This is kind of an off-topic(ish) post so just bear with me here. This particular issue has come up a lot lately in conversation and emails so I wanted to touch on it here and get your thoughts.
I don’t know if any other (female) coxswains get annoyed with this but it’s really starting to rub me the wrong way when we’re told to be more bitchy when we’re coxing. I was told this in high school and college, my friends have been told this, girls I coach have been told this, and I’ve had numerous emails over the last few years from women of all ages who have been told this.
Related: I was told to be more “bitchy” in the boat, but I want to make sure I’m constructively assertive and not mean or unnecessarily aggressive. Do you have any suggestions for how to talk to my coaches about this or to get back into a higher boat, or tips for being “bitchy” in a helpful way?
Instead of saying “be more bitchy”, why not just say “be more authoritative, assertive, confident, self-assured, etc.” in relation to whatever specific part of her coxing you’re referring to? There’s a big difference between asserting yourself to get shit done and straight up being a bitch and I don’t think it’s right to conflate the two and make it seem like in order to accomplish something you have to be (or are) a bitch.
There’s obviously plenty of instances where being called a bitch isn’t a bad thing and like most people I think it’s a total non-issue when used in that context but telling a 14, 15, 16 year old girl (who doesn’t know or understand the pop culture appropriation of the word) that she needs to be bitchier in order to do her job just sends her the wrong message about what it takes to be a leader … and that I’m not cool with.

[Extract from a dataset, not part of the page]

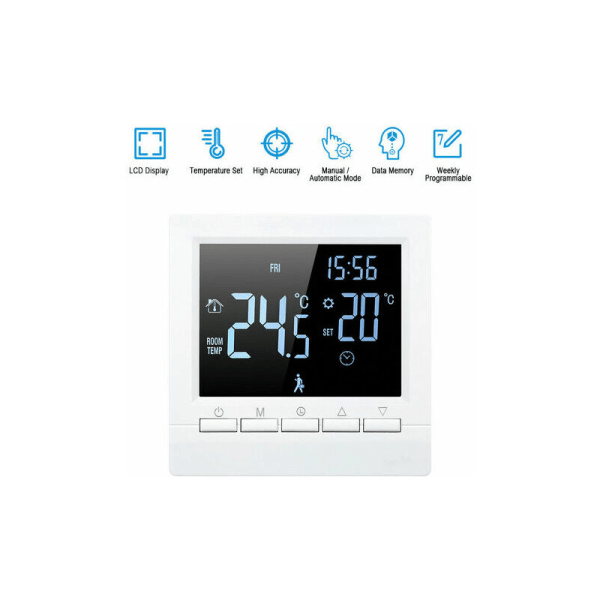 Elektrisk varme termostat, manuel knap 16A, negativt display, hvid cha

Related: My coach says that there’s “a feistier” side in me that my rowers may not know about me. I can see why, I seem a little timid at times, but on the water when I make calls, I guess my voice changes and I get really into it/competitive. She also told me I should work on being even more of a leader-esp. on the water. As in I could throw in some challenges like out of shoes rowing at the end of practice or something. How do I become an effective leader without coming across as a bitch, rude, etc. ?
Don’t get me wrong, I’ll be the first one to admit that there are times when we are being bitches and we are being bossy in the negative sense and that’s something that we deserve to get called out on. Outside of those occasions though, there are better and more empowering ways to communicate to teenage girls how to be more assertive and confident when they’re in leadership roles (like what comes with being a coxswain).
The question that was in the post I linked to asked if I had any tips for “being bitchy in a helpful way”. I like the way that coxswain explained it too because she said she wants to “make sure I’m constructively assertive and not mean or unnecessarily aggressive”, which I think is the perfect way to describe what people mean when they call someone a bitch because they either want the former or think they’re being the latter. Here’s what I said in response to that and going forward, if somebody tells you to “be bitchier in the boat”, know that this is probably what they want you to do.
“If your rowers are speaking in a general sense, I tend to interpret that as them saying they want you to be more on top of them about the little details – aka hold them accountable for the changes they need to make, the rate/splits they’re supposed to be at, etc. I was just talking about this with our coxswains yesterday when we went over their coxswain evals and what I told them was that they need to know not just the standards and expectations that we (the coaches) have for each crew but they also need to know the standards and expectations that the rowers have for themselves and then aggressively hold them to that. That combined with knowing the appropriate technical calls to make (and when) and understanding the focus and purpose of each drill/workout so you can cox them accordingly is how you present yourself as a “constructively assertive” coxswain.”
I know topics like this can be eye roll-inducing and easy to write off but I hope what I said makes sense and you see where I’m coming from. Also, because I know someone somewhere will think/say this, this has nothing to do with male coxswains and stuff like this never being said to them. I purposely avoided going down that road because I don’t think it’s relevant. Maybe it is but it’s not the point I’m trying to make.
Being a coxswain helps you develop so many great and important life skills, especially when it comes to leadership, so in the interest of encouraging more girls to step into similar roles let’s do our part as coaches and teammates by using the right language to communicate the traits it takes to accomplish that.